Campbell intended to leave the field and return to Fatehgarh with the remainder of the force – his headquarters’ staff, the 64th Foot, two troops of the 9th Lancers, the Balochi Battalion and both Tombs’ and Le Mesurier’s artillery. On 15 May, he was on the march. As there was no possibility of sending off the sick and wounded with any safety from Bareilly, it was decided to take them along with the intention of eventually packing them off to Simla. For now, they would be packed in their doolies and among them was a very disgruntled William Russell. Russell had been informed by the doctors that he would likely not be in the saddle for many months to come: with some reluctance, he sold off his horses to the 9th Lancers. Campbell, it seems, wanted rid of Our Special at this point and ventured to leave him in Bareilly, insisting that the commissioner would make arrangements to eventually send him to Naini Tal, but Russell was having none of it. As uncomfortable as it was, he refused.

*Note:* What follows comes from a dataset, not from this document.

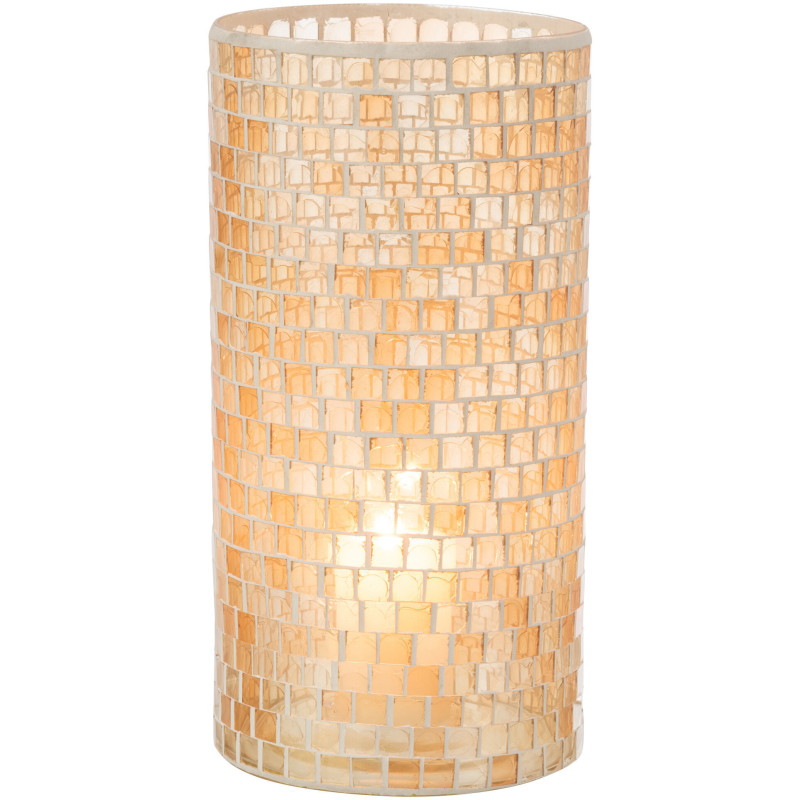 Vase Cylindrique Carrelio Hauteur 30 cm en Verre Orange Motif mosaïque - 2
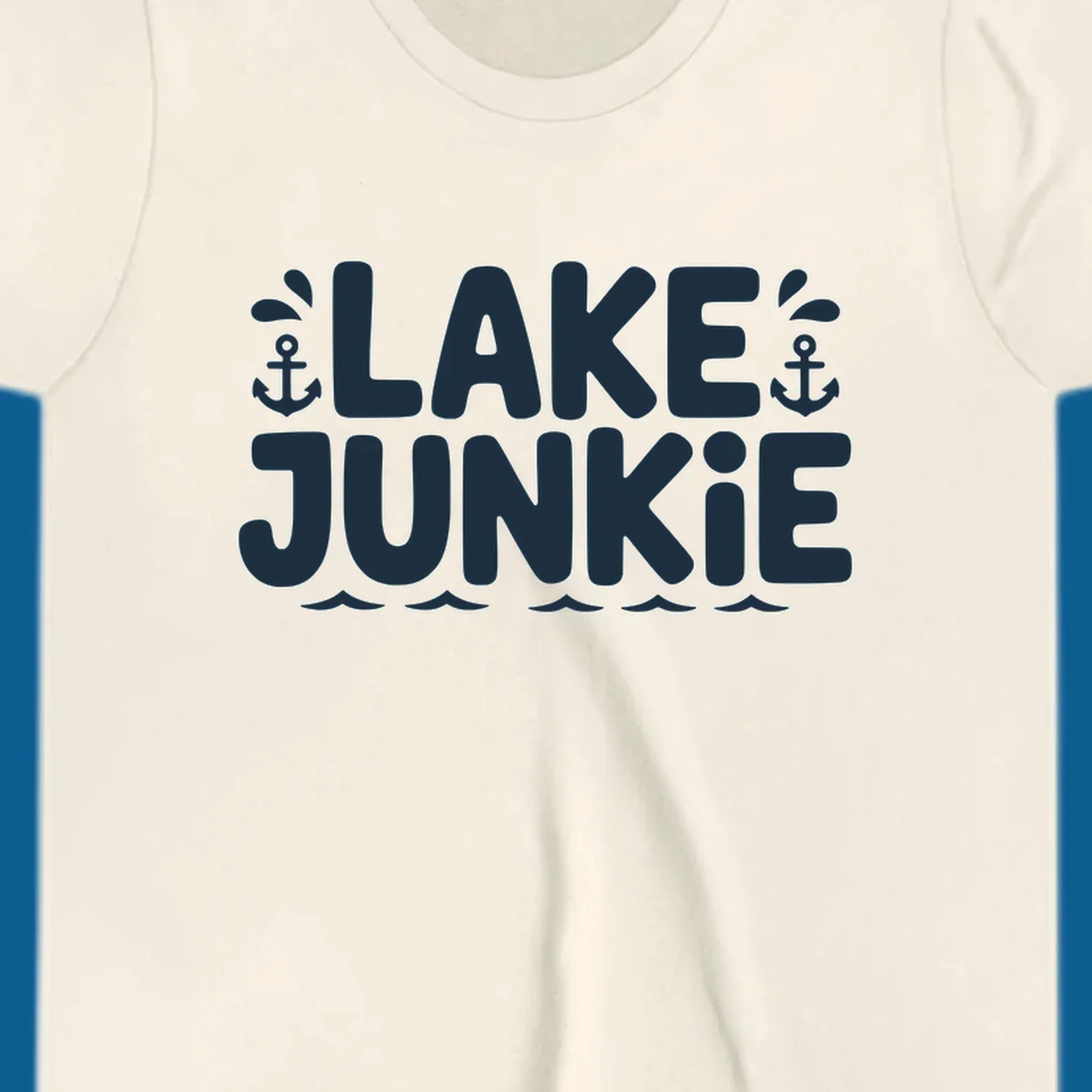 Lake Junkie typography design with anchors and waves, representing lake-junkie-lifestyle.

May 15th.—At 1.30 this morning, the Chief and Head-Quarters’ Staff marched from Bareilly en route for Futtehgarh… Baird, Alison, and myself, and a number of sick, were carried off in doolys. We left behind, in addition to Coke’s column, the 42nd and 93rd Highlanders, two regiments of Punjaub infantry, cavalry and guns, under Walpole, who is to command in Rohilcund. Marched all the morning, and encamped in the tope of Fureedpore at 8 a.m. The Chief was lying down beside my dooly, taking a nap while his tent was being prepared, with his head resting on his hand, for he refused to accept the loan of my pillow, when a camel driver came by, leading a huge dood (a camel carrying milk) so carelessly as to bring him right across Sir Colin. One great flat pad was about descending on the Chief’s head, when he started to his feet, and ere he was quite awake had his sabre out of the sheath, and was flourishing it in the air as if he was going to slay all the doodwallahs (milkmen) in camp.”

Transport camels, 19th century, India

The march resumed on the 16th. The last message from Jones was on the 11th; he had relieved Shajahanpore. It was with some surprise then, just as the camp was breaking up, a messenger arrived with a request for reinforcements from Brigadier Jones. Campbell continued on with some caution towards Tilhour, all along making his plans; the Moulvie was rapidly becoming a thorn in Sir Colin’s side, and on 18 May, Sir Colin Campbell would once again be standing before Shajahanpore.

The day had opened not with gunfire but with a thunderstorm as the force broke camp and proceeded through the rain and lightning. After a march of six hours, the force passed over the bridge and through the main street of Shajahanpore, marching directly to the cantonments, where a halt was called to rest the men and pitch the camp. At three in the afternoon, without warning, the Moulvie’s artillery opened fire. Russell, who had been asleep when the first shots were fired, was woken up by a hand shaking his shoulder and a voice telling him to “…look sharp, or you’ll miss the fighting.”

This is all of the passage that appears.